A Mindfulness Exercise to Reduce Anxiety from the Inside Out
It can be extremely effective to deal with anxiety from the inside out even though anxiety is often caused--or exacerbated--by forces outside of us. That's because even if the cause of our anxiety is external, our reaction is internal and involves our entire mind (thoughts and feelings), brain (the physical organ and its structures and activities), and body (every part of our body is impacted by and can affect our anxiety). To help you reduce anxiety from deep within so you can calmly respond to stressors without, I offer you a mindfulness activity as well as information about why it works and when to do it.
Why This Mindfulness Activity Calms Anxiety from the Inside Out
Mindfulness is a practice and a way of being. There's a lot to mindfulness, but its core is fairly simple: mindfulness is living in each present moment as it comes instead of being stuck in your head thinking about things that already happened or might possibly happen in the future (it also helps us avoid multitasking and distracted living, such as being sucked into our screens when we're spending time with loved ones, for example). Mindfulness helps us live our lives richly and fully and with less anxiety.
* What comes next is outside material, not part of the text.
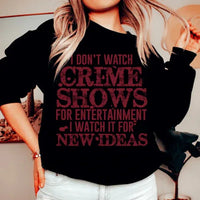 Black sweatshirt with white text saying 'I Don't Watch Crime Shows For Entertainment', displayed flat on light background.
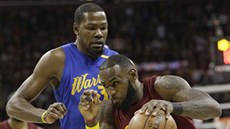 LeBron James (vpravo) z Clevelandu se tlaí kolem Kevina Duranta z Golden State.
Anxiety is the polar opposite of mindfulness. When we're anxious, we're stuck in our mind, caught up in racing thoughts and roiling emotions about the past or the future. Sure, our worries can seem like they're about the present moment. Those with social anxiety, for example, might be worried about being judged during this meeting or worried about people laughing about what we just now did, or someone with generalized anxiety disorder might worry about a disaster on this car trip, but all of these worries and fears are truly about the past (even if it was 30 seconds ago) or the future (even if the fear might come true in 30 seconds). In remaining stuck in our anxious thoughts and feelings, we aren't living in the present moment.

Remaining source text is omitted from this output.